Athletes have a many, many different ways to get into "The Zone" - in which their mental and physical resources are utterly focussed on the present task in hand.  Athletes describe being in The Zone as being like a timeless moment in which there is nothing outside of the competition they are in.  It is a very distinct state of mind. Some athletes describe it is as if the choices they make on the field, the tactics they employ on the track are somehow not even their own, but seem to come from a deeper level in which the body takes charge before the mind can analyse.
 
Sporting excellence can be looked at as having several distinct components.  
 
There is of course the tireless training.
 
Then there is finding the motivation to train - the numerous habits of mind that bring the determination to the athlete to keep going and to push themselves to new heights even when it hurts, or when there are distractions outside of the sport to be attended to.
 
Then there is the mental rehearsal.  The running of the race, the playing of the ball, the hurling of the javelin - whatever it may be - over and over again, so that the movements and the physicality of the athlete are utterly familiar.  Athletes talk about "seeing themselves winning a race over and over again" before they even take part.
 
How they do so can make all the difference.  Watching yourself win from a disassociated viewpoint may give you the impetus you need to want to win - but it may also give you the idea that you are always "watching someone else win".  Olympic gold medallist Iwan Thomas reveals in The Secrets of Success DVD that he would repeatedly imagine succeeding "as if he were looking out of his own eyes."
 
Finally, there is anchoring peak performance.  Sportsmen and women the world over have their own personal ways to bring the expectation of peak performance to life.
 
While for some fans taking a "lucky rabbit's foot" to a match or a game might be as far as they get with developing their anchoring ("lucky rabbit's foot" is a curious ambiguity, huh?), look out for that moment just before the point of focus descends on the great athletes.
 
At the Olympic swimming events nearly all the swimmers had iPods in their ears when they emerged from the changing rooms.  Playing music that you associate with excellence, or a sound track or recording can be the auditory anchor your need to get you pumped up to perform.
 
At Olympic track events, you often see runners go through a pre-contest ritual.  They may kick up their legs behind them, clutch their right wrist with their left hand, tilt the head to left and to right.  It might be that the athlete kisses a silver pendant, or closes their eyes for a moment to take a deep breath and draw themselves inward - a mixture of visual and kinaesthetic anchors.
 
Whatever they are doing, they are pulling up the resources that they have built up over years of training.
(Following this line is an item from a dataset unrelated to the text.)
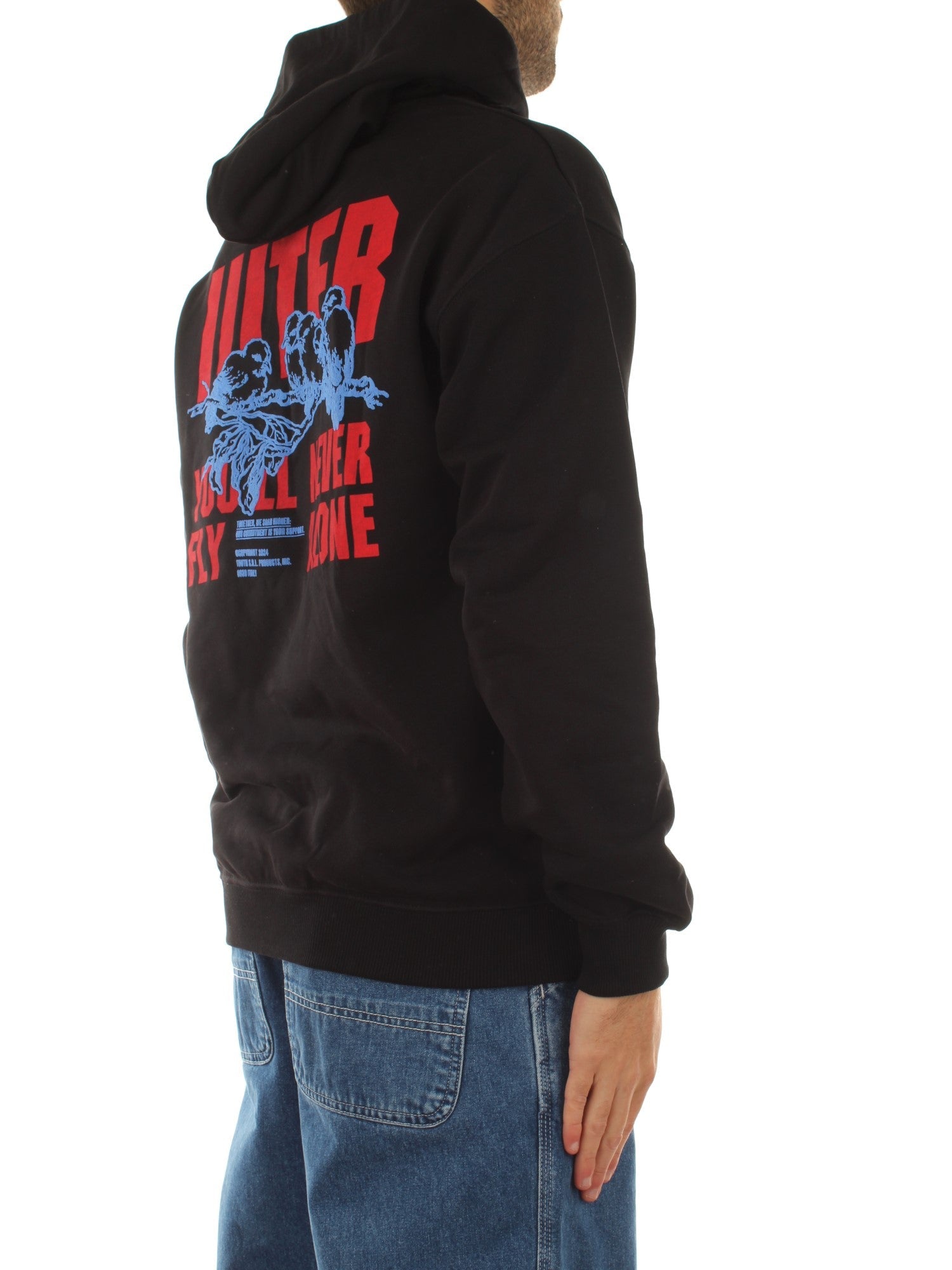 Iuter Never Alone Hoodie Nero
Those simple actions bring them to the state of mind where they are ready to go, because they have, over the years of training, associated those actions with that moment of pure competition.
 
When they are going through their ritual, you will see their eyes lose focus for a moment.  A calm descends on the face.
 
This is the classic moment at which the athletes enter the zone.  To a hypnotist and NLPer it looks very, very familiar! It's trance, pure and simple.
 
So, look out for the tricks of athletes as you watch sports events, be that the Olympics, or whatever other event. There is plenty to learn from those extraordinary athletes!